* **ASSIGNED TASK**
Reproduce the data below exactly. Skip the pictures.

* **AVAILABLE DATA**
☆ ☆ ☆ ☆ ☆ ☆ ☆
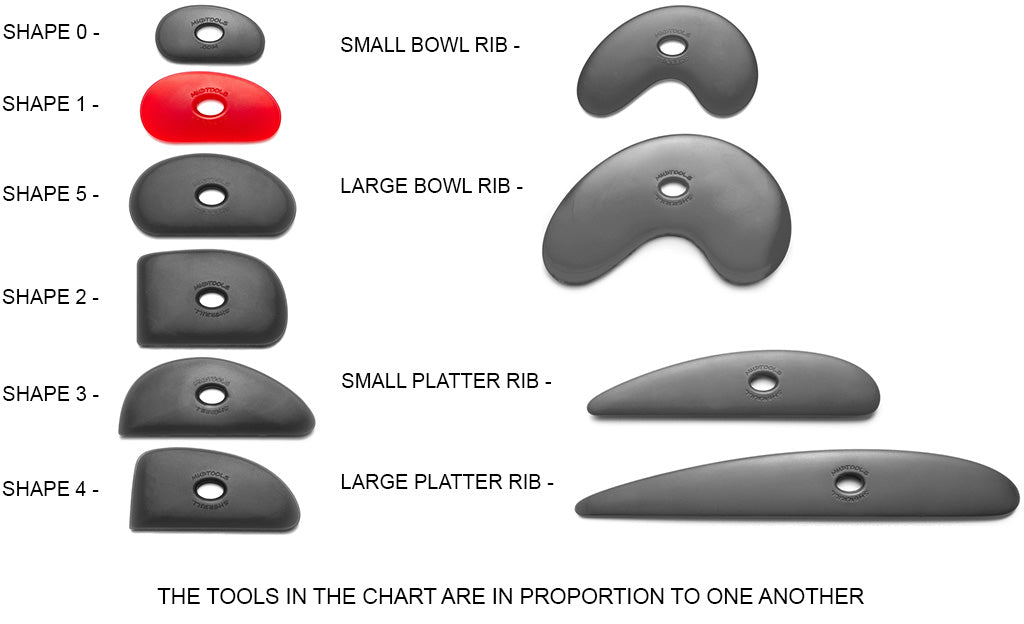 Mudtools Red Rib #1 (Very Soft) - Bray Clay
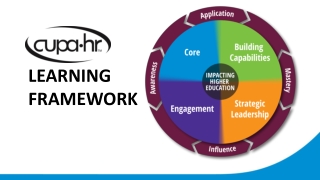 LEARNING FRAMEWORK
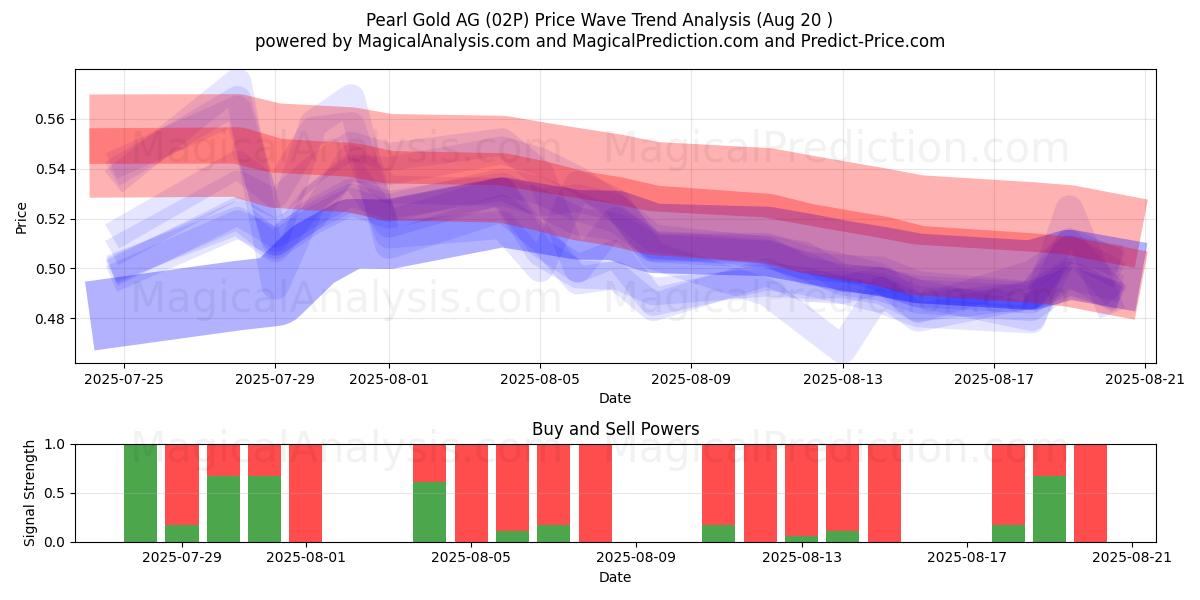  Pearl Gold AG (02P) Support and Resistance area (19 Aug)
☆ ☆ ☆ ☆ ☆ ☆ ☆
* **SOLUTION BELOW**
 Mudtools Red Rib #1 (Very Soft) - Bray Clay
 LEARNING FRAMEWORK
  Pearl Gold AG (02P) Support and Resistance area (19 Aug)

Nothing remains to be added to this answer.